Banda Aceh – Menteri Dalam Negeri (Mendagri) Tito Karnavian melontarkan candaan saat memimpin rapat koordinasi Satuan Tugas (Satgas) Percepatan Rehabilitasi dan Rekonstruksi Pascabencana di Banda Aceh, Sabtu (10/1/2026). Ia mengaku lupa menyebutkan nama Menteri Keuangan Purbaya Yudhi Sadewa dalam jajaran tim pengarah satgas tersebut, dan berkelakar akan ada konsekuensi jika Purbaya marah.

Satgas Percepatan Rehabilitasi Pascabencana

Tito Karnavian, yang juga menjabat sebagai Ketua Satgas Percepatan Rehabilitasi dan Rekonstruksi Pascabencana, menjelaskan bahwa pembentukan satgas ini didasari oleh Keputusan Presiden (Keppres) yang ditetapkan pada 8 Januari 2026. Tugas utama satgas adalah mempercepat proses rehabilitasi dan rekonstruksi pascabencana, meskipun bekerja di tengah situasi tanggap darurat.

Dalam rapat tersebut, Tito memaparkan struktur tim satgas yang terdiri dari tim pengarah dan tim pelaksana. Tim pengarah diketuai oleh Menteri Koordinator Bidang Pembangunan Manusia dan Kebudayaan (Menko PMK), dengan anggota meliputi seluruh Menko, Panglima TNI, dan Kapolri.

Sementara itu, tim pelaksana dipimpin langsung oleh Menteri Dalam Negeri. Wakil ketua tim pelaksana diisi oleh empat pejabat penting: Kasum TNI Letjen Richard Tarigan Tampubolon, Kepala BNPB Suharyanto, Komandan Korps Brigade Mobil Komjen Ramdani, serta Kepala Badan Pengelola Investasi Danantara Rosan Roeslani. Struktur ini juga mencakup bidang-bidang seperti Penyusunan Rencana Induk, Penyediaan Lahan, dan Pengelolaan Data.

Advertisement

Candaan Soal Purbaya Yudhi Sadewa

Di tengah pemaparannya, Tito tiba-tiba teringat bahwa ia belum menyebutkan nama Menteri Keuangan Purbaya Yudhi Sadewa sebagai salah satu anggota tim pengarah. Ia pun menyampaikannya dengan nada bercanda.
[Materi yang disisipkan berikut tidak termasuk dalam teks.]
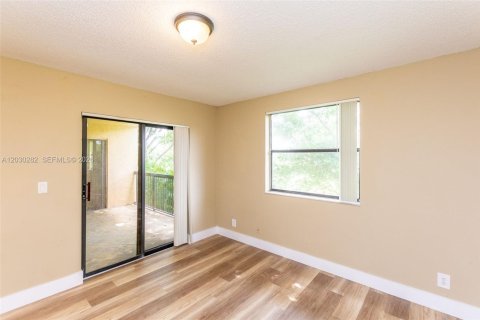 Condo in Coral Springs, Florida, 2 bedrooms № 2267712 - photo 30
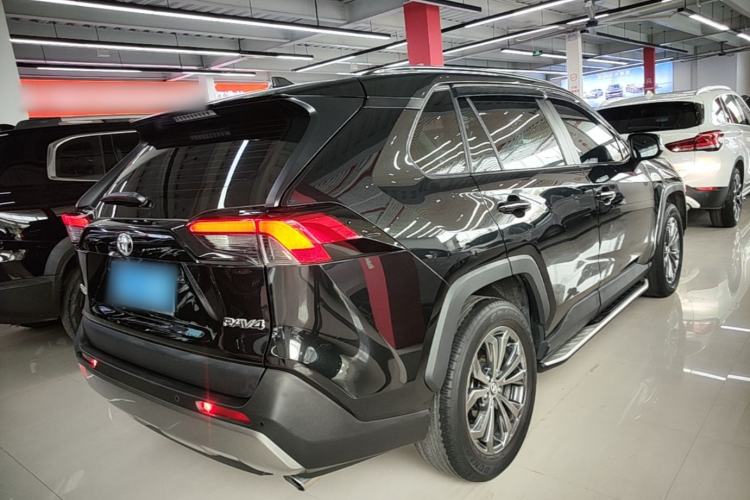 Used Toyota RAV4 2023 2.0L CVT Two-Wheel Drive Fashion Plus Edition Rear Right 45 Deg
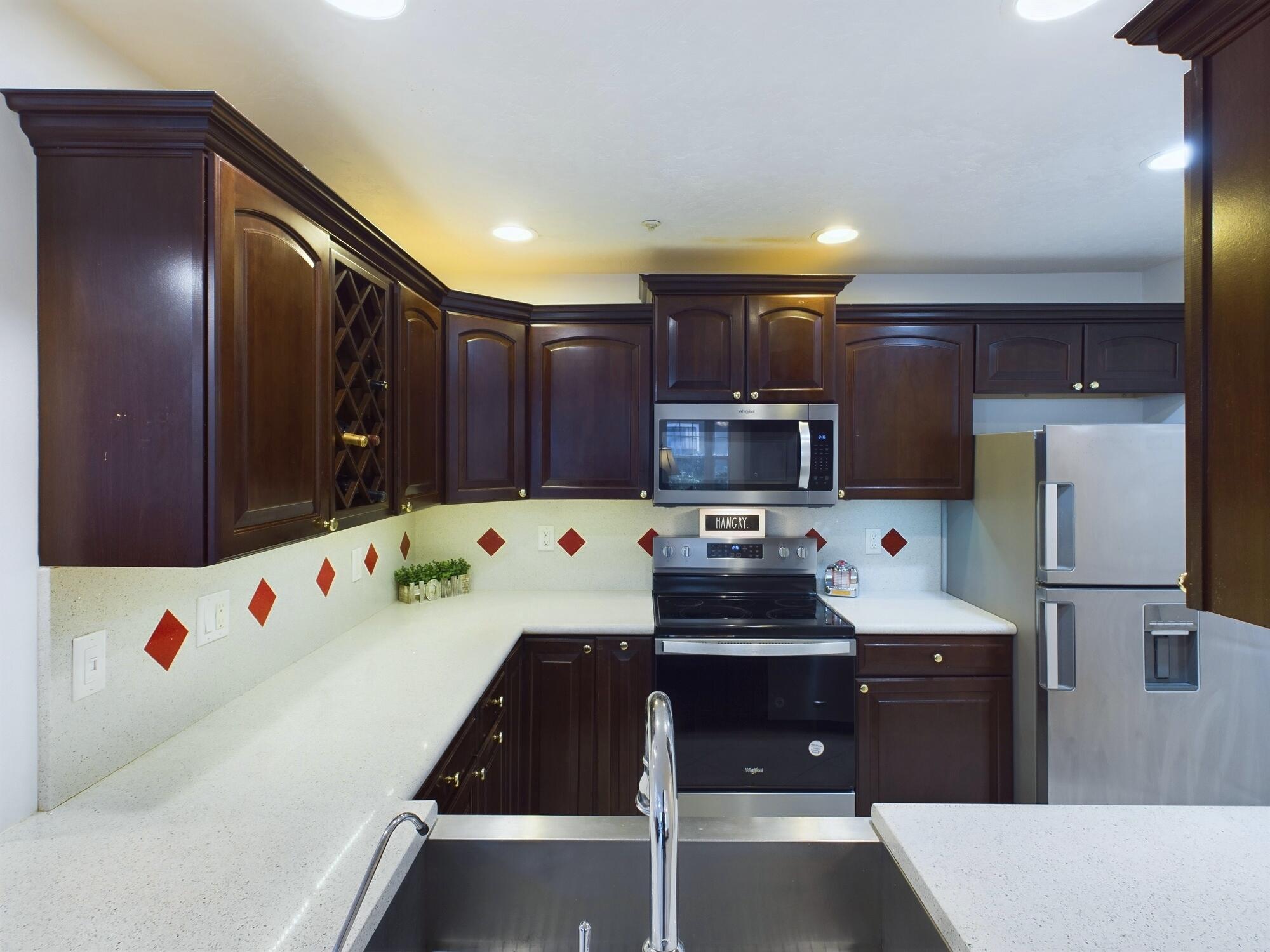 7667 N Wickham Road, 1308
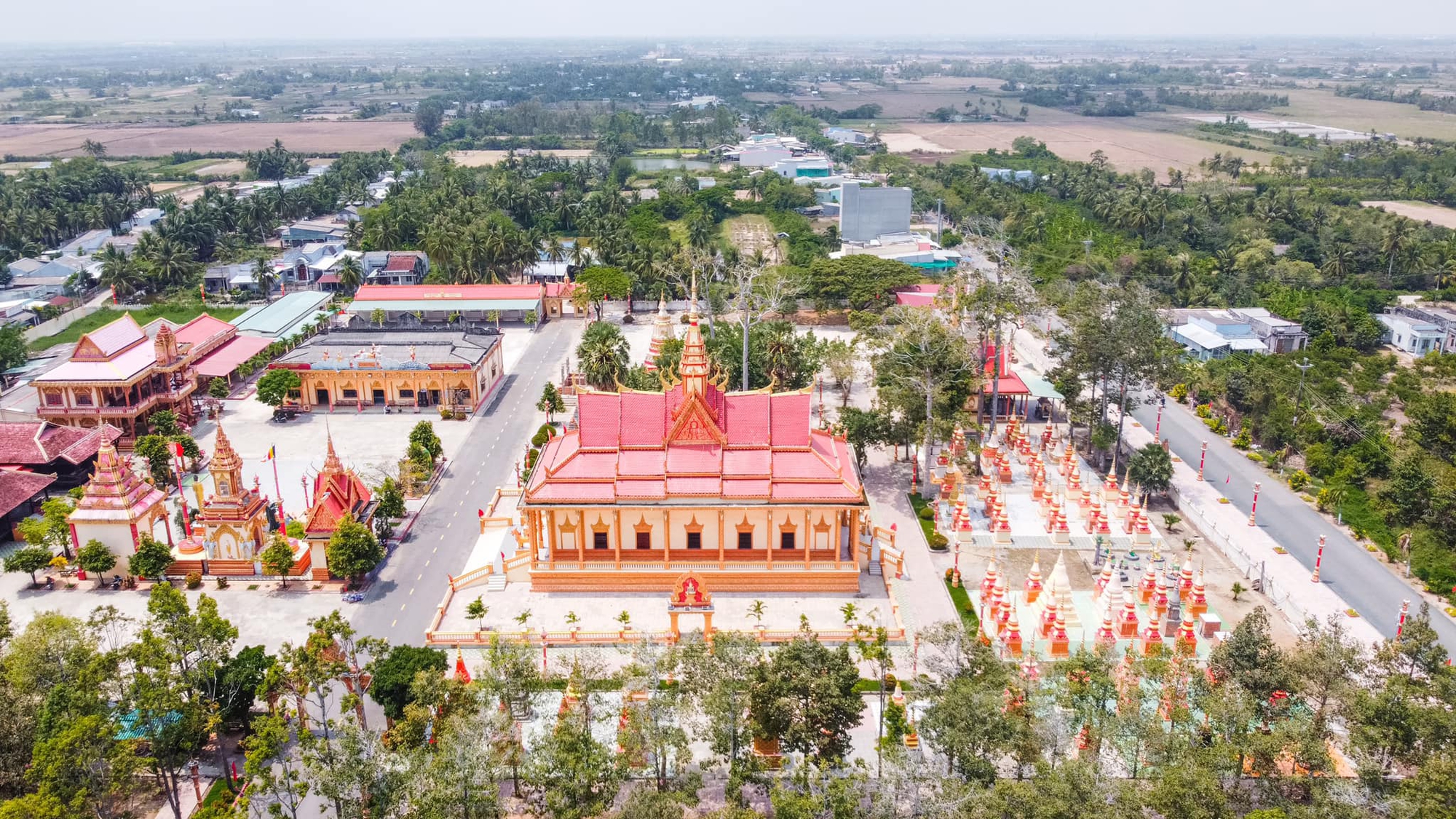 Căn nhà 2 tầng của đại gia miền Tây từng tiêu hết 5 tấn vàng, mua máy bay riêng chỉ để đi thăm ruộng lúa - Ảnh 7.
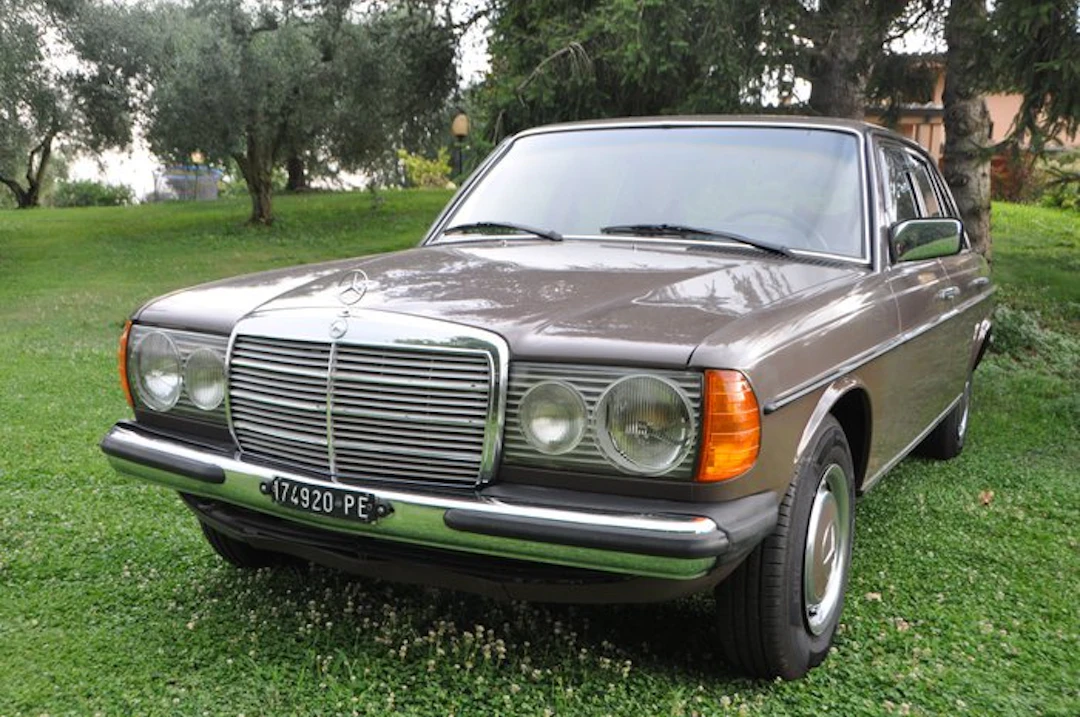 Mercedes-Benz - W123 200 - 1976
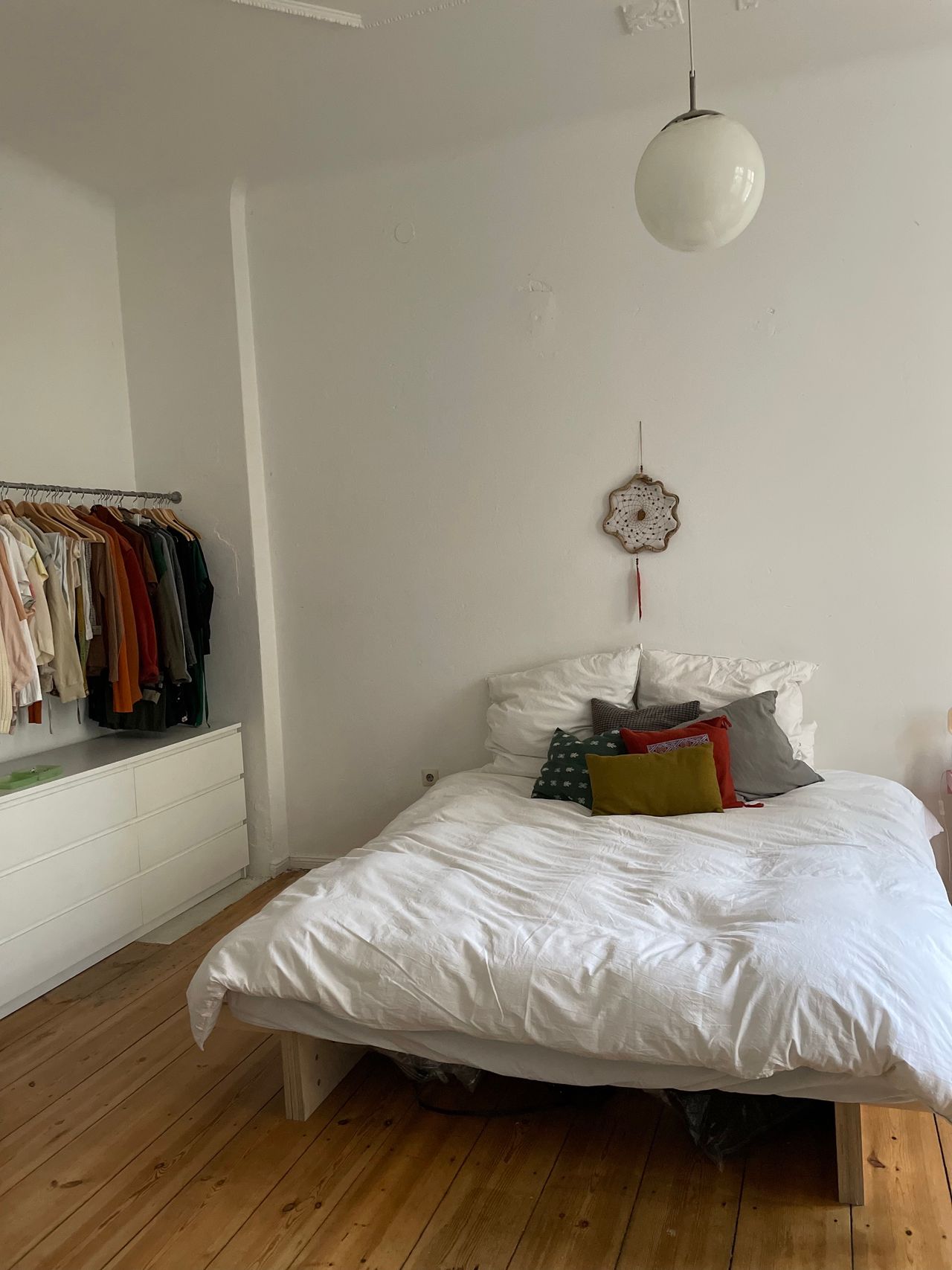 Beautiful 2,5 bedroom flat with balcony in Neukölln, Weserkiez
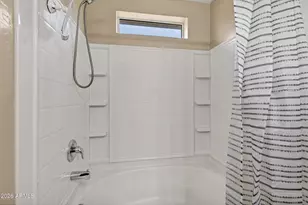 894 S Utilis Dr, Gilbert, AZ 85296 - Photo 28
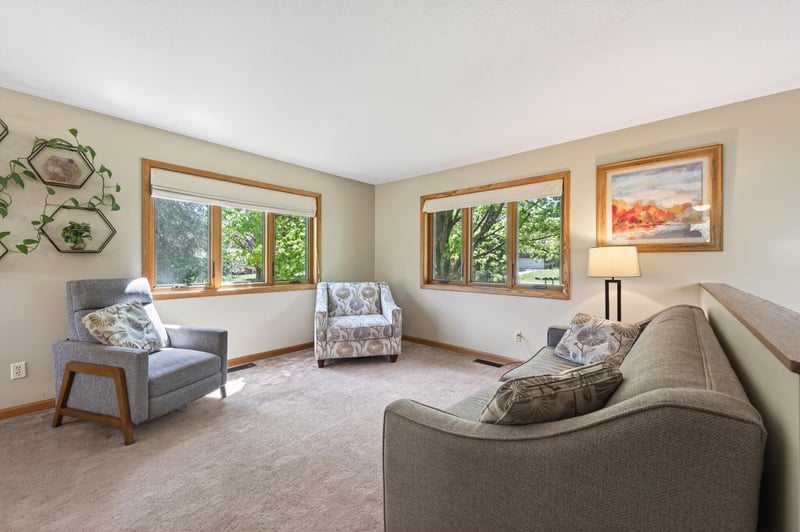 61 Quant Ct S, Lakeland, MN 55043
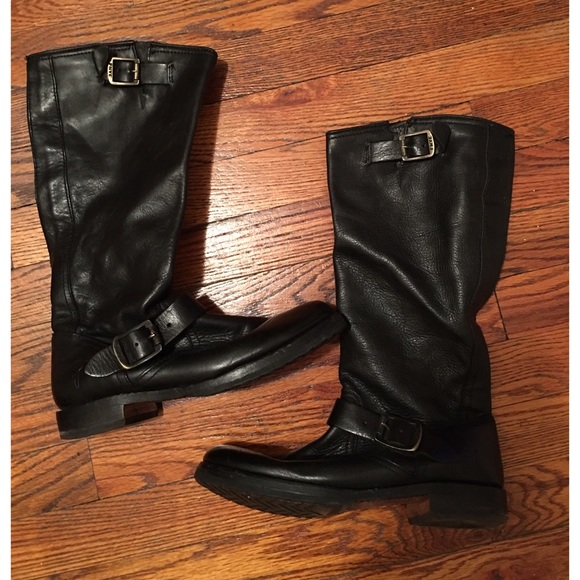 womens black frye boots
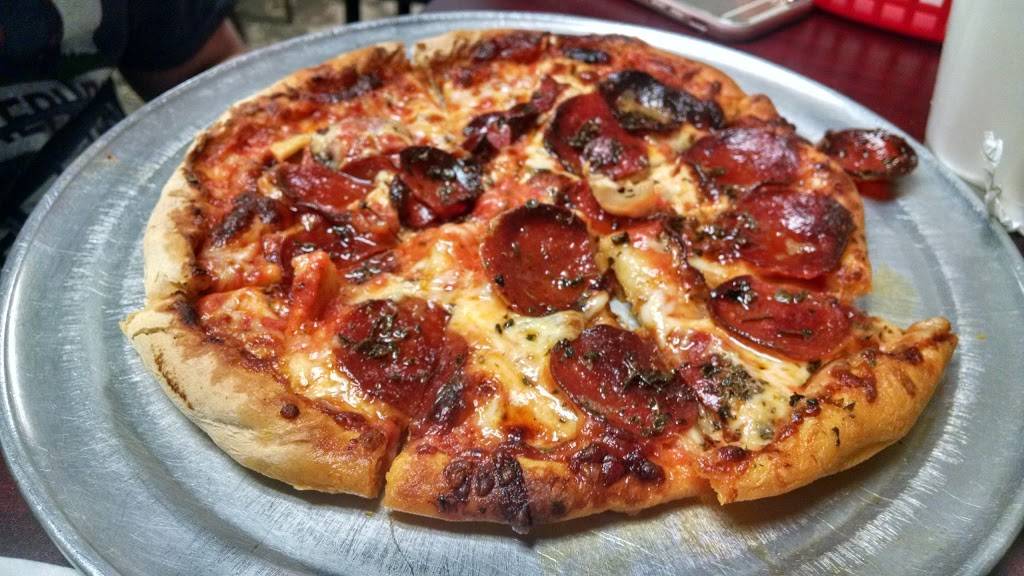 Peanuts Pub & Deli | restaurant | 22722 Centre Dr A, Lake Forest, CA 92630, USA | 9494723922 OR +1 949-472-3922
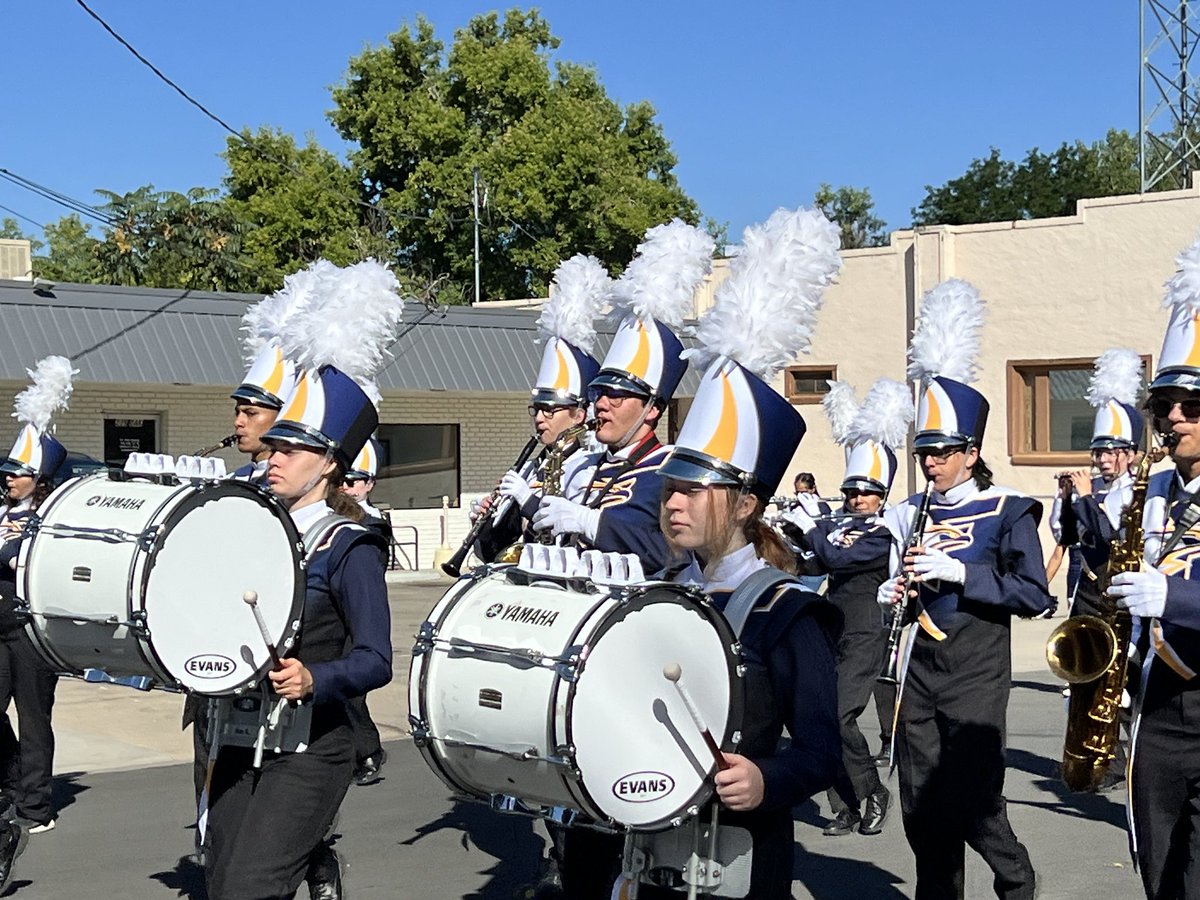 Frederick High School Bands tweet media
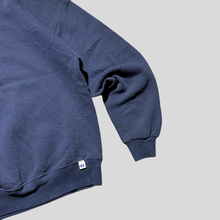 Load image into Gallery viewer, 00s Russell athletic blank sweatshirt - L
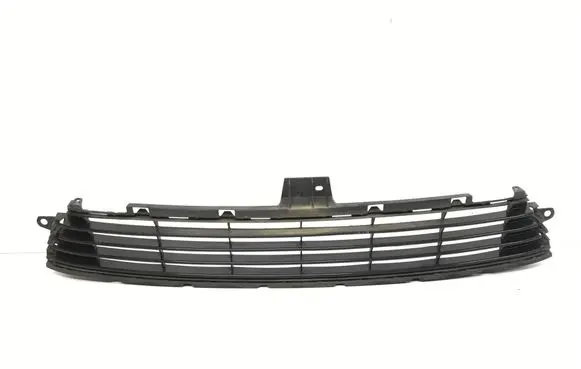 Toyota Auris E180 Front bumper lower grill 53112-02670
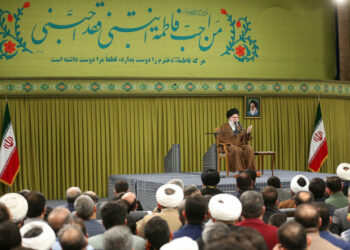 الغطرسة والتوسع الإقليمي: خامنئي يحدد الأهداف الأمريكية من الضغط على إيران 2025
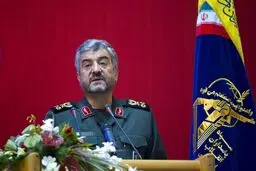 سرلشکر جعفری: در جنگ نرم حمایتی از سوی سازمان‌ها و مسئولین دولتی نمی‌شود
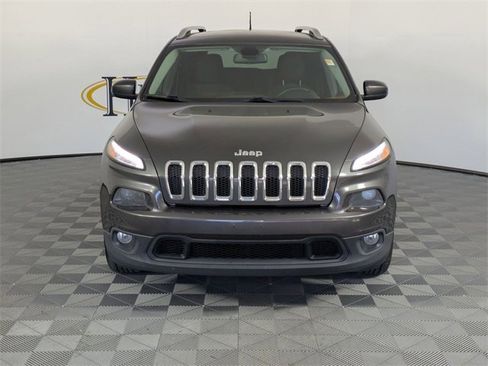 Used 2015 Jeep Cherokee Latitude w/ Cold Weather Group image 3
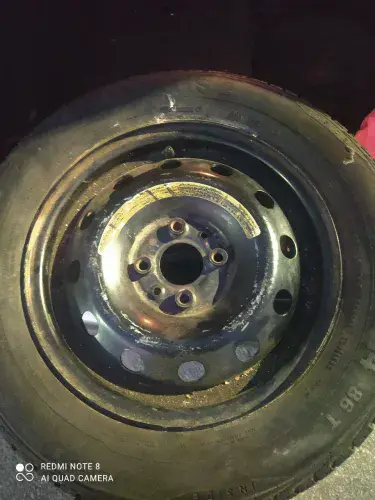 Vendo macaco , roda para carro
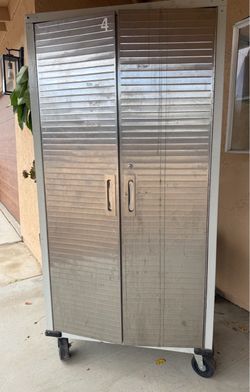 METAL STORAGE CABINET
“Sedangkan untuk infrastruktur, saya ulangi ada yang terlewat tim pengarah, selain Menko, Panglima TNI, Kapolri, juga di situ ada Bapak Purbaya, haha,” ujar Tito disambut tawa peserta rapat.

Tito kemudian melanjutkan candaannya, “Saya lupa menyampaikan ini, kuwalat ini kalau nggak, nanti ini, karena kalau beliau ngambek, beliau ngambek, kita chat mau rapat sampai malam juga percuma juga kita nanti. Iya, nggak ada pitinya, haha.” Kelakar ini merujuk pada peran penting Menteri Keuangan dalam urusan pendanaan, yang jika tidak dilibatkan atau merasa diabaikan, dapat menghambat proses pencairan anggaran.